Filípides llegó hasta la misma orilla del mar aniquilando contrincantes, sin perder la formación junto a eleusinos y acarnienses. Asistieron a la hazaña de un tal Cinegiro, que se salió de la formación y agarró con su mano derecha una barcaza enemiga que se estaba alejando de la orilla. El brazo le fue seccionado de un hachazo por un egipcio barbudo. Sin amilanarse, el hoplita agarró la barcaza con su brazo izquierdo. También le fue seccionado. Aun escapándosele la vida por los dos muñones, mordió un cabo de la lancha apretándolo con todas sus fuerzas e impidiendo que ésta se alejara. Les dio tiempo a sus compañeros para llegar hasta la barcaza y aniquilar a todos los pasajeros. Cinegiro murió desangrado sin soltar la maroma, con un rictus de felicidad.

Los persas habían conseguido, a pesar de todo, embarcar a la caballería y a gran parte de la infantería. Datis dio órdenes a los navíos, que ya estaban cargados y con los aparejos dispuestos, de que se dirigieran a Atenas. Debían desembarcar en una playa cercana, bordeando el cabo Sunion, y tomar la polis que sabían desguarnecida.

Milcíades y Temístocles se apercibieron del peligro que eso implicaba. Dieron órdenes de parar la masacre y reorganizar el ejército para marchar a marchas forzadas hacia la polis madre. Dudaban de que todo el ejército pudiera llegar antes de que los habitantes de Atenas vieran los navíos persas, pensaran que sus tropas habían sido devastadas y decidieran entregar la polis sin resistencia. Sólo había una posibilidad.

Ordenaron llamar a Filípides. Lo encontraron exhausto por el gran esfuerzo cometido. Había perdido mucha sangre. Un cirujano estaba cosiéndole la herida en el costado. Mientras Esquilo y Lisandro le daban a beber negro vino, para soportar el dolor.

Milcíades le dijo que se hacía cargo de su agotamiento, de su dolor, pero no tenían otra salida: debía volver corriendo con toda su alma a Atenas, advertir a los arcontes de la victoria, comunicarles que el ejército se apresuraba hacia allí e instarles a no abrir las puertas a los persas.

El hijo de Fidipo se despojó de las grebas y del pectoral, le confió las armas a su primo, abrazó a éste y a Esquilo y, sin dejar de terminar la cura al cirujano, comenzó a correr.

Otra vez la inmensidad del mundo frente a él.

Cuando faltaban menos de dos estadios para llegar, un insoportable dolor en el brazo izquierdo y una opresión a la altura del lado siniestro del pecho lo hicieron detenerse en seco. La herida no había parado de sangrar. Tenía deseos, inmensos, de dejarse caer y recuperar el aliento… Siguió corriendo.
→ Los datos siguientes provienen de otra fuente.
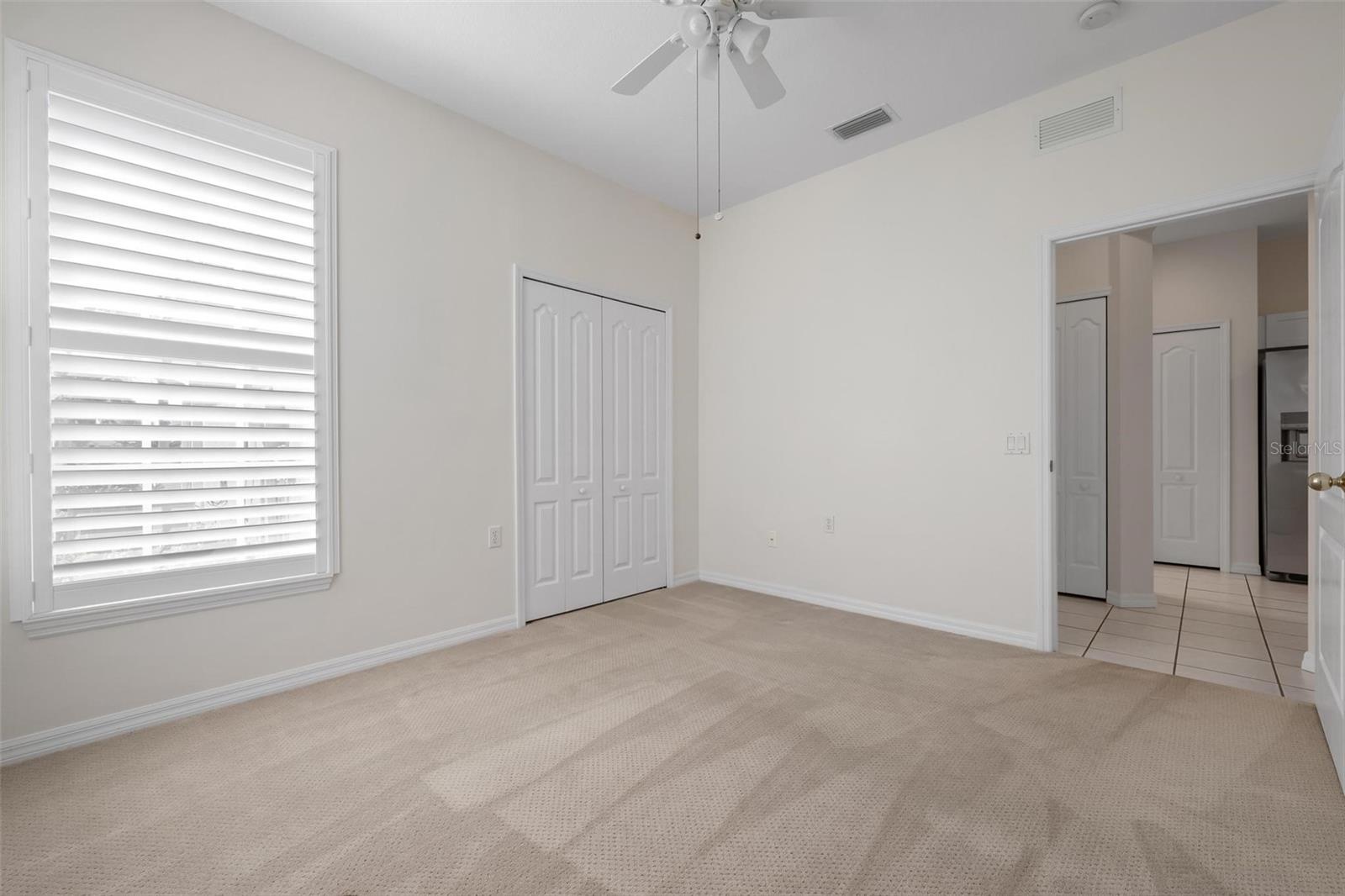 PELICAN POINTE GOLF & COUNTRY CLUB - Residential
La fatiga. El dolor iban en aumento. Apenas podía respirar. Sufrimiento. Asfixia. Atravesó las puertas de la polis y corrió hacia el ágora. Divisó a su padre. Apenas pudo levantar la mano para enviarle un beso. El postrero.

Llegó a trompicones hacia la sede de los arcontes. Un nuevo rayo de dolor, ahora en el corazón, lo fulminó. Aun así, se arrastró hasta los arcontes, que, conmovidos, se habían puesto en pie para acercarse al joven.

– NE…NIKÉ…KA…MEN! – “Hemos vencido” susurró, mientras intentaba señalar hacia detrás, advirtiendo que el socorro estaba en camino.

No hubo más palabras. Su corazón le había estallado. Su padre lo acunó susurrándole una nana.